Democratic Sen. Tammy Duckworth delivered a stemwinder at the rally: On Tuesday, be there to “say no to [President Trump], say no to [Gov. Bruce Rauner,]” and say no to a “petulant schoolyard bully of a president.” Both Durbin and Duckworth have both been on the Illinois road for Democrats. Neither are up for re-election this year.
Illinois Democratic Party chair Michael Madigan will not be at the rally, sources say. But Chicago Mayor Rahm Emanuel did show up backstage, according to a source who said he and Obama “chatted about midterm expectations, what they are hearing about races around the county and about the Obama Presidential Center.”
Rauner hits the trail
Rauner is looking to boost GOP turnout with stops Sunday in Decatur; Gibson City; Morris, and St. Charles. While the Illinois Democratic ticket is united, the GOP contenders are not stumping together in the final days of the campaign.
Early voting ends Monday.
Ten years ago, Chicagoans filled Grant Park to celebrate then-Sen. Barack Obama, D-Ill., becoming the first African-American president. Today, Democrats are pushing to reclaim some of the power they lost with the surprise win of President Donald Trump in 2016.

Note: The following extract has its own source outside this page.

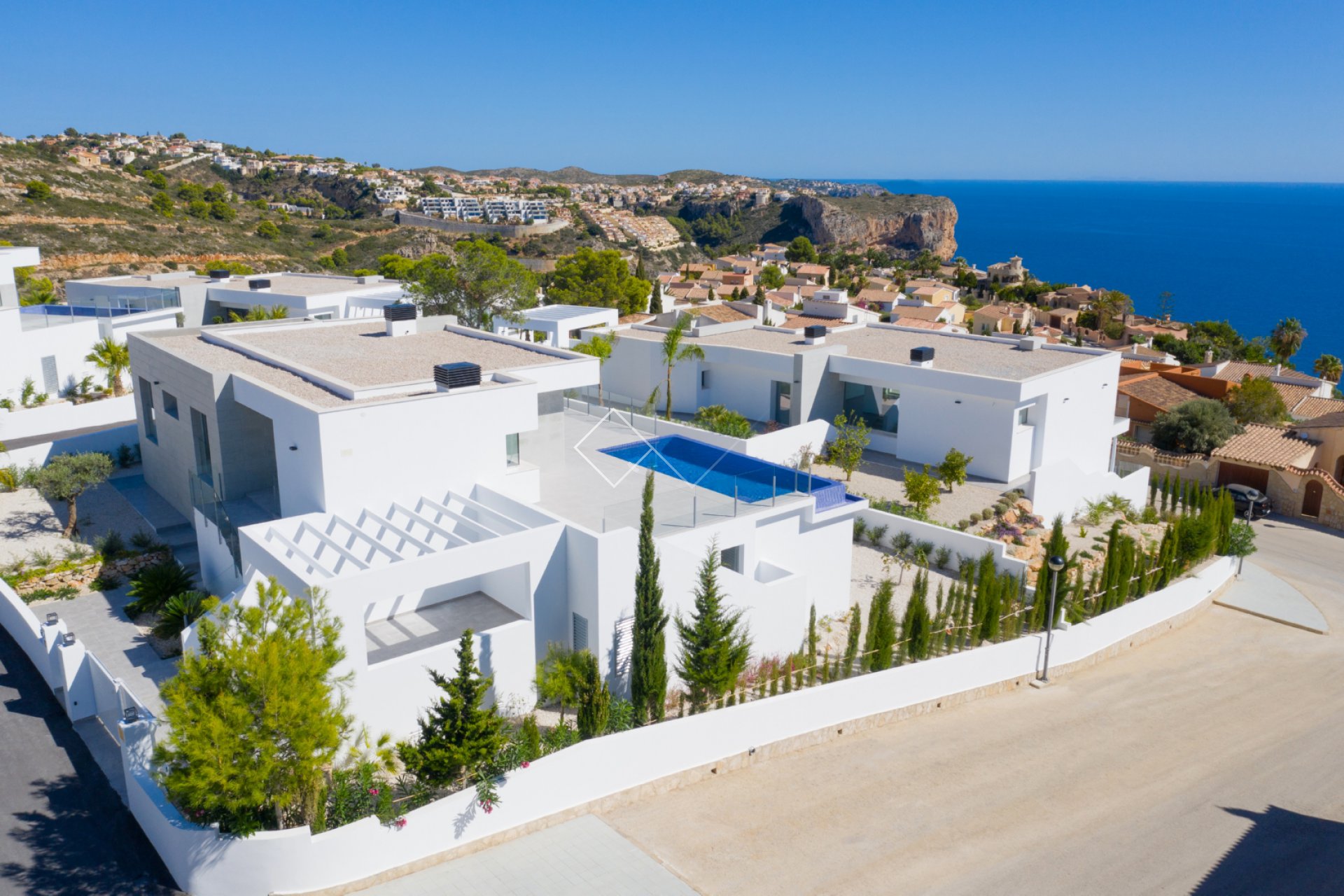 Obra nueva - Chalet - Benitachell - Lirios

The election season is winding up with Trump and Obama holding dueling events to turn out their respective base votes.
Obama has been on the stump for embattled Democrats. Before coming home to Chicago, Obama is leading an Indiana turnout rally for Sen. Joe Donnelly, one of the most vulnerable Senate Democrats. While Indiana is heavily Republican, northwest Indiana is a Democratic stronghold.
Obama, who used an absentee ballot to vote from his home in Kenwood, needs to jazz up turnout from Democratic stronghold Chicago for the statewide ticket.
Democrats concerned about Raoul
While Pritzker is ending his battle with Rauner well ahead in all polls, there is some concern over Raoul, who is locked in a struggle with GOP opponent Erika Harold.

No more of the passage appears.